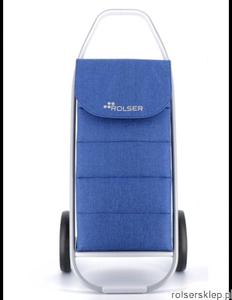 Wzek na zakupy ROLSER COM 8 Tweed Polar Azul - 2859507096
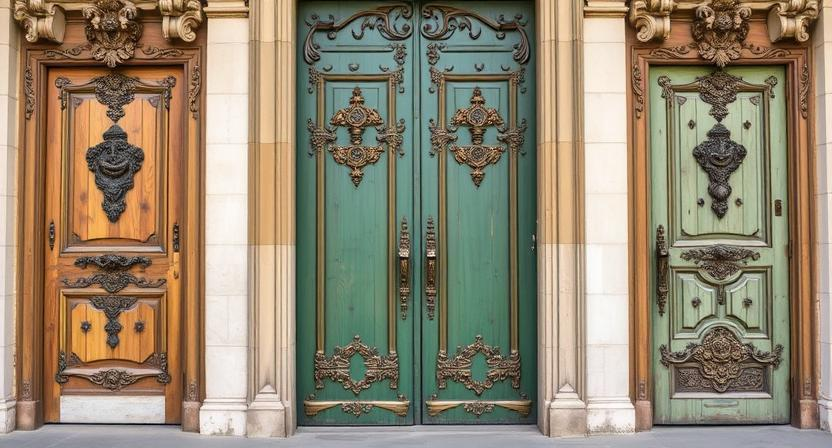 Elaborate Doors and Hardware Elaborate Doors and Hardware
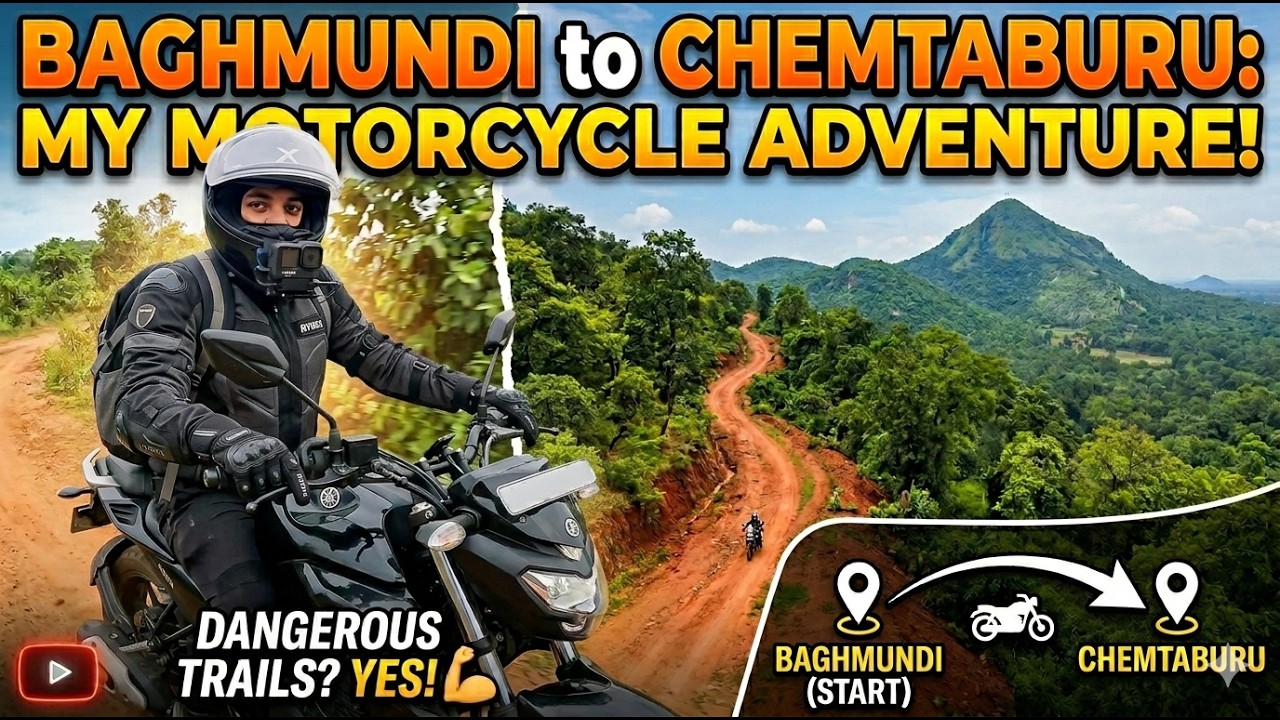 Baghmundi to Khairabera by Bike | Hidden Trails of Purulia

+ + + + +

## What to produce
Every last line above must be reproduced as written, and no pictures belong in the copy.

## Expected answer
 Wzek na zakupy ROLSER COM 8 Tweed Polar Azul - 2859507096
 Elaborate Doors and Hardware Elaborate Doors and Hardware
 Baghmundi to Khairabera by Bike | Hidden Trails of Purulia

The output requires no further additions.